> **EXERCISE DIRECTIONS**:
Only the lines below, from the one with "510 Osceola Dr, Destin, FL 32541-3014" through the one with "Yokohama Geolandar M/T", are to be written out, exactly.
DATA PROVIDED START
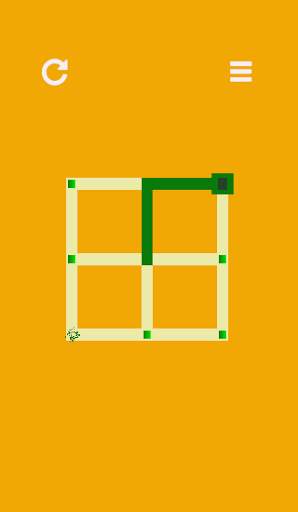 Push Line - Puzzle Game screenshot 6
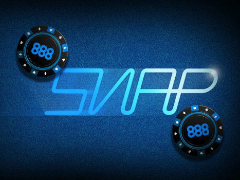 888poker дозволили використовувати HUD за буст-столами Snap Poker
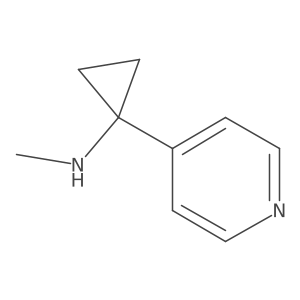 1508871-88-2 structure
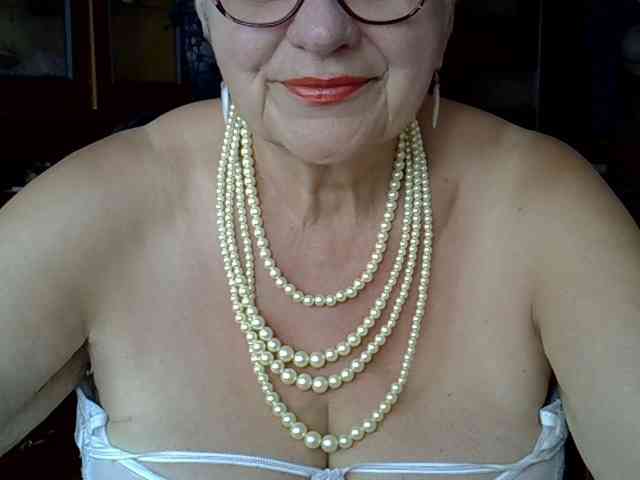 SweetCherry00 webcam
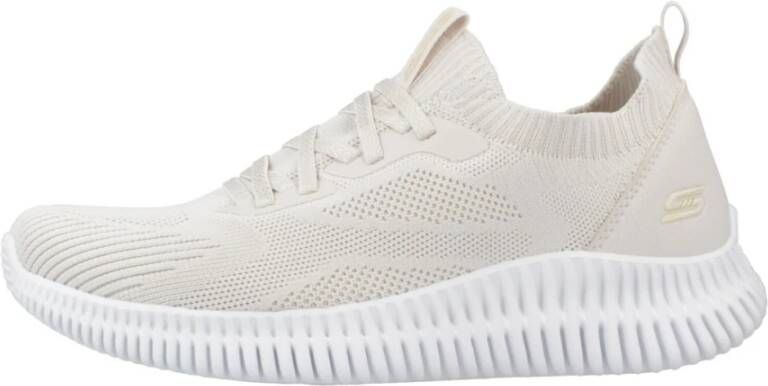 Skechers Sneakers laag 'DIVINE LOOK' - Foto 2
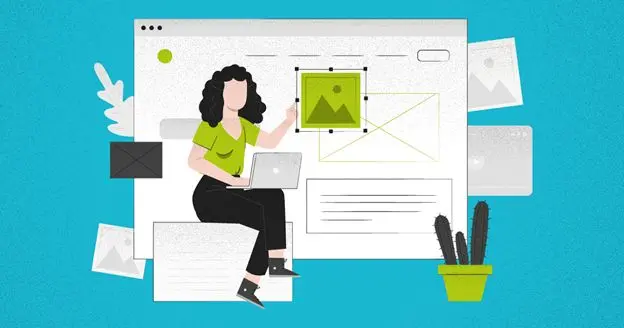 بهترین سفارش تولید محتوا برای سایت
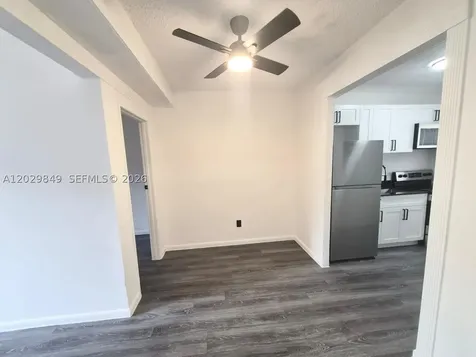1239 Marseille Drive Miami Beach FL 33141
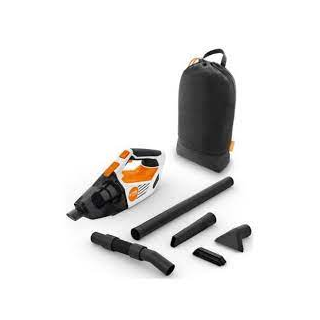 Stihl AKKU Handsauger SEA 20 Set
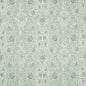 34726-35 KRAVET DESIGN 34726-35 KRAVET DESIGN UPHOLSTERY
DATA PROVIDED END
DATA PROVIDED START
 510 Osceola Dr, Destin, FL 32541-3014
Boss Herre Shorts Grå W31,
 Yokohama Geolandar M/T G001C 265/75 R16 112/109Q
DATA PROVIDED END
> **EXERCISE RESULT**:
 510 Osceola Dr, Destin, FL 32541-3014
Boss Herre Shorts Grå W31,
 Yokohama Geolandar M/T G001C 265/75 R16 112/109Q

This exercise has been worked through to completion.